Ces personnalités marqueront l’actualité cinématographique d’ici la fin de l’année.

Marc-André Lussier Marc-André Lussier
La Presse

Anouk Aimée : la grâce, 50 ans plus tard

Plus de 50 ans plus tard, le couple mythique d’Un homme et une femme est de nouveau réuni. Les plus belles années d’une vie, dans lequel Anouk Aimée et Jean-Louis Trintignant reprennent leurs personnages créés en 1966, a obtenu un accueil très chaleureux au Festival de Cannes plus tôt cette année. L’actrice, sans âge malgré ses 87 ans, a souvent déclaré que sa vie était indissociable du cinéma de Claude Lelouch. « Je ne peux que ressentir, je ne peux pas dire… », a-t-elle déclaré au micro de RTL. À l’affiche le 27 septembre.

Antonio Banderas : alter ego

Grâce à sa performance dans Dolor y gloria (Douleur et gloire), le film-somme de Pedro Almodóvar (en salle le 18 octobre après un passage au Festival du nouveau cinéma de Montréal), Antonio Banderas a obtenu le printemps dernier le prix d’interprétation masculine du Festival de Cannes.

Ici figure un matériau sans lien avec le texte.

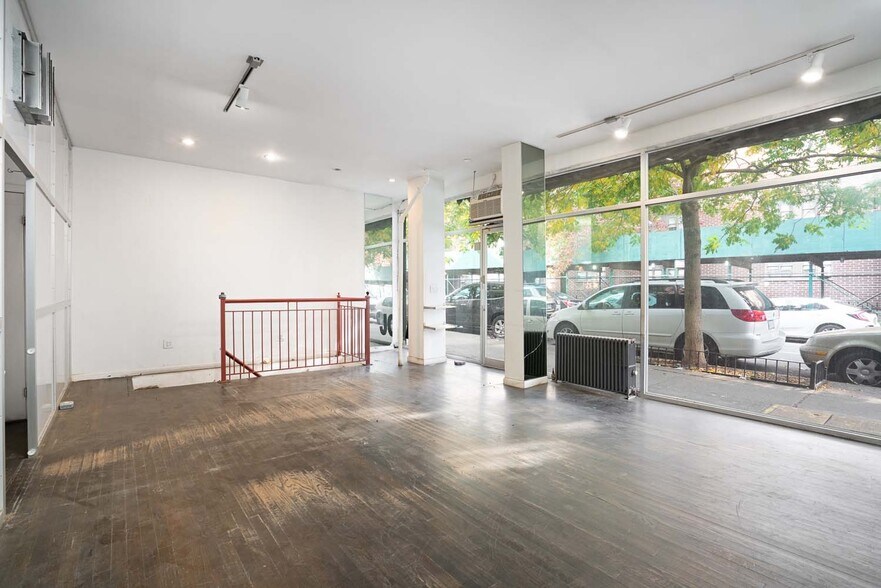 More Photos Of 254 E 3rd St, New York Apartments For Lease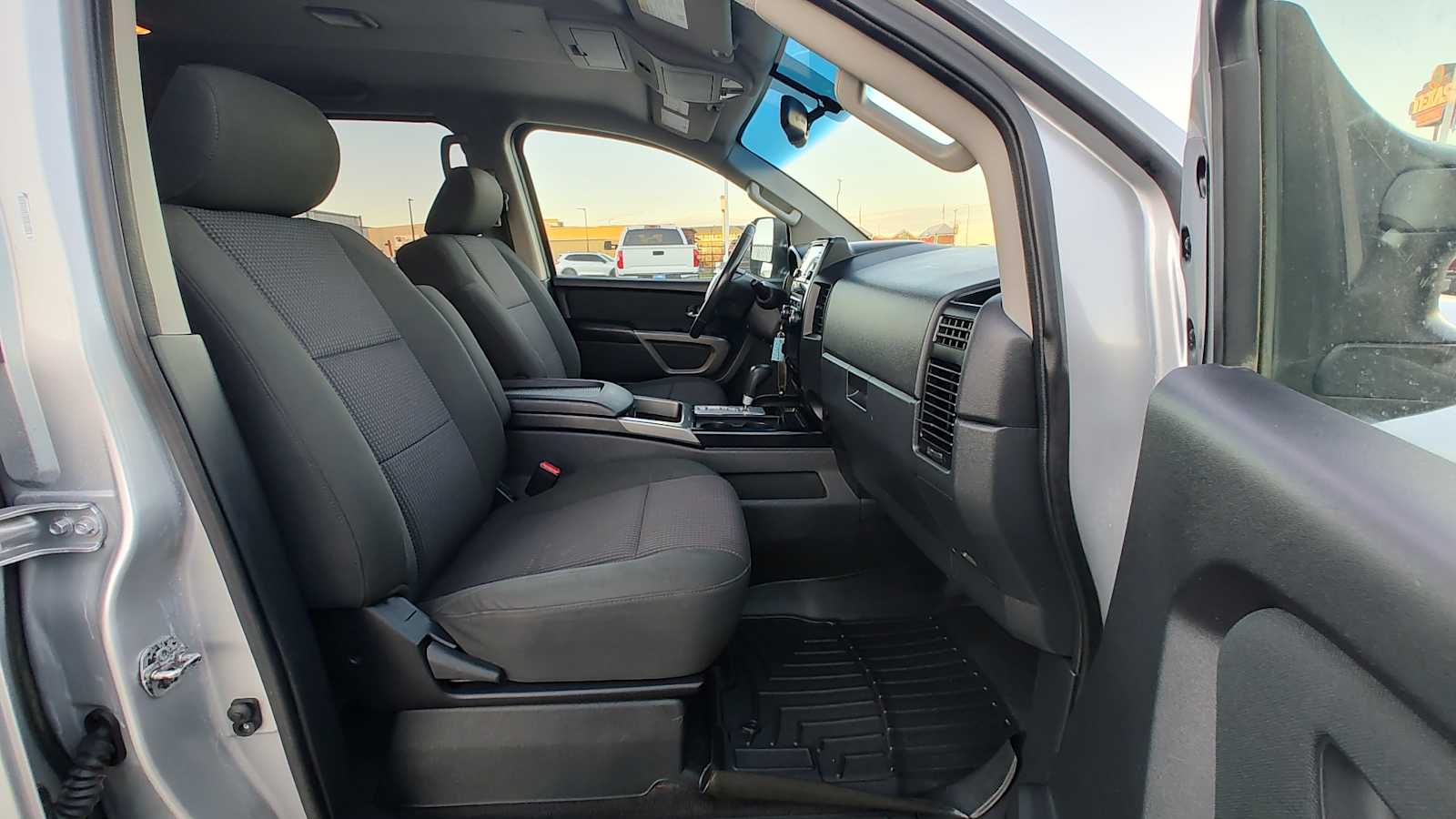 Thumbnail: 2015 Nissan Titan - 14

Cet automne, l’acteur espagnol sera aussi à l’affiche de The Laundromat, le plus récent film de Steven Soderbergh. Dans ce drame inspiré par l’affaire des Panama Papers, qui sera diffusé par Netflix à compter du 1er novembre, Banderas donne la réplique à Meryl Streep et à Gary Oldman.

Juliette Binoche : femme invisible

Dans Celle que vous croyez, le nouveau film de Safy Nebbou (L’empreinte de l’ange), Juliette Binoche incarne avec brio une femme dans la cinquantaine qui, plutôt que de devenir « invisible », s’invente une nouvelle identité sur les réseaux sociaux et se laisse prendre au piège de l’amour avec un jeune homme (François Civil). À l’affiche au Québec le 27 septembre. On suivra aussi de très près La vérité. Dans ce film de Hirokazu Kore-eda (Une affaire de famille) tourné à Paris, qui a ouvert la Mostra de Venise avant-hier, Juliette Binoche donne la réplique à Catherine Deneuve et à Ethan Hawke.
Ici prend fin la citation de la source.